Make me a reasonable offer and it's yours.


----------



## YYCHM (Jul 27, 2022)

9" SM Utilathe Restoration
					

My Tiwaneses 1340 works exactly the same. Probably a gear positioning issue that the first inventor of internal power cross feed saddle mechanismns overcame and everybody else can't come up with a more simple cost effective method so they just fallow suit.




					canadianhobbymetalworkers.com


----------



## Susquatch (Jul 27, 2022)

eotrfish said:


> Like this one??
> 
> New - sat in a drawer for decades.
> 
> ...



PM coming.


YYCHM said:


> 9" SM Utilathe Restoration
> 
> 
> My Tiwaneses 1340 works exactly the same. Probably a gear positioning issue that the first inventor of internal power cross feed saddle mechanismns overcame and everybody else can't come up with a more simple cost effective method so they just fallow suit.
> ...



Very Cool Craig! 

Did you use it to make the ball for your tool post handle?


----------



## YYCHM (Jul 27, 2022)

Susquatch said:


> Very Cool Craig!
> 
> Did you use it to make the ball for your tool post handle?



Ya, that ball is one of the eggs I turned.


----------



## Susquatch (Jul 27, 2022)

YYCHM said:


> Ya, that ball is one of the eggs I turned.



Too funny, but it looks just fine to me! 

Make another egg for the other handle! 

And I agree with @RobinHood. If it works, leave it alone.


----------



## Rauce (Jul 27, 2022)

I bought a cheapy one from India on eBay, it’s not great but it is okay for the price. I welded in a reinforcement and it made it a lot better. 

I don’t even see any of the same style for sale anymore, I bought it a couple years ago.


----------



## PeterT (Jul 27, 2022)

Holdridge Radii is probably the most common tool (USA made, probably designed in the 60's). Very spendy as new but they can be had more reasonably used if you look around. I have one purchased used in minty condish & it works. There are things I don't particularly care for, mostly around their cutting tools. But the accessories collection afford a pretty wide diameter range of innies & outies vs many other designs are more limited, so kind of depends on what you want to do.

There are lots of plans & variants for these insert style turners.
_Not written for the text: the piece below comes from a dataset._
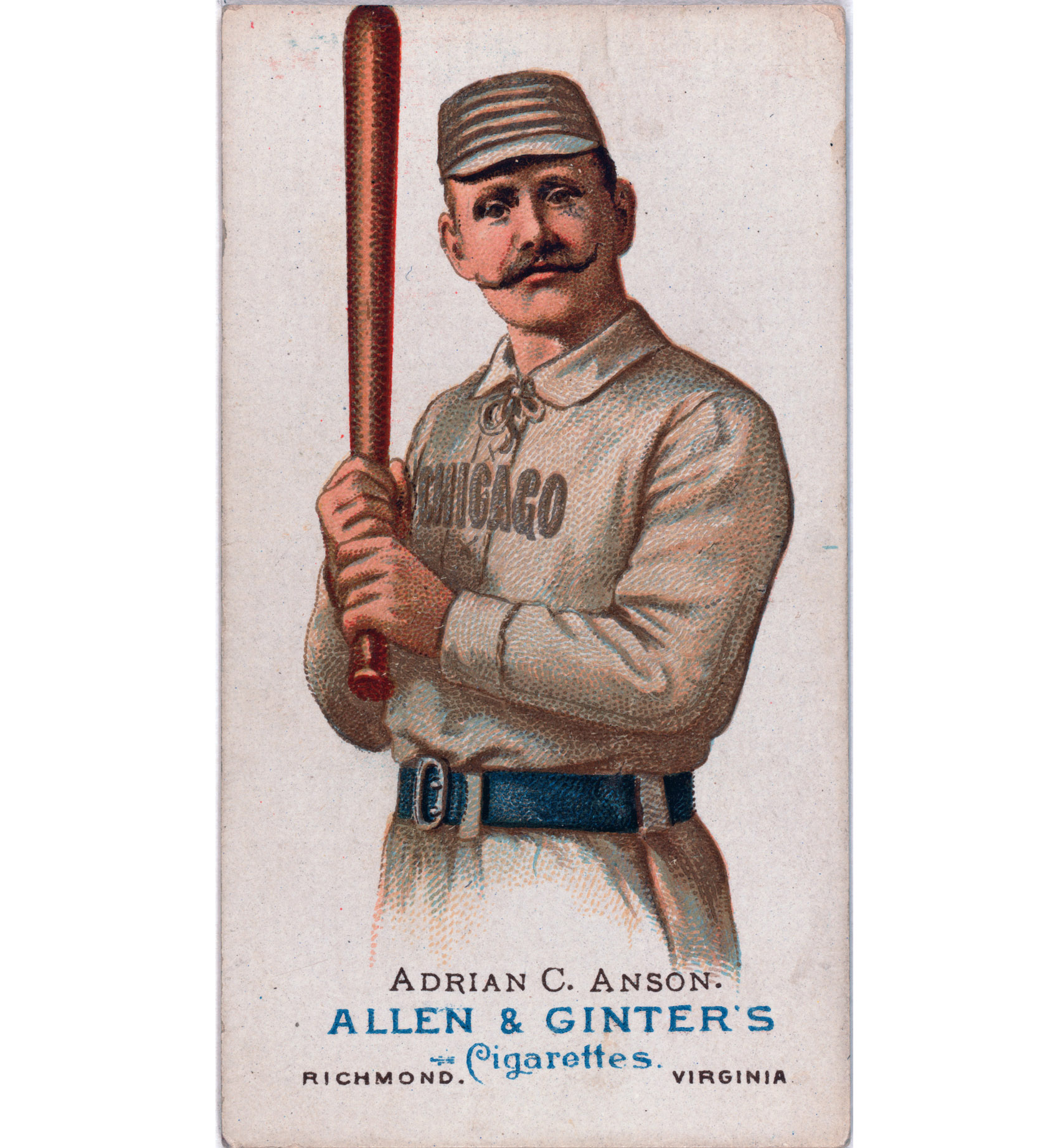 A baseball card for Adrian C. Anson, first baseman for the Chicago White Stockings. Issued by Allen & Ginter Company, 1887. View full size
I suspect that's what some of the imports are based on. John Conroy made a very nice robust rendition with smart bearing choices, you can find his build on the forum. The thing to pay attention to is lathe mounting. They all vary a bit although a bigger lathe with typical compound works as the more common platform.

I lust for a Hardinge style & have contemplated making one. It would suite my purposes better & I would also integrate my standard cutting tools.


----------



## Dabbler (Jul 27, 2022)

Monarch made a very robust ball turner for the 10ee.  Saw pictures of a resto in one of the hobby machine magazines last week.  about as heavy and built like a tailstock.

... you can adapt a boring head to be  a small ball turner.  lots of vids on youtube... (!!)


----------



## Susquatch (Jul 28, 2022)

Rauce said:


> I bought a cheapy one from India on eBay, it’s not great but it is okay for the price. I welded in a reinforcement and it made it a lot better.
> 
> I don’t even see any of the same style for sale anymore, I bought it a couple years ago.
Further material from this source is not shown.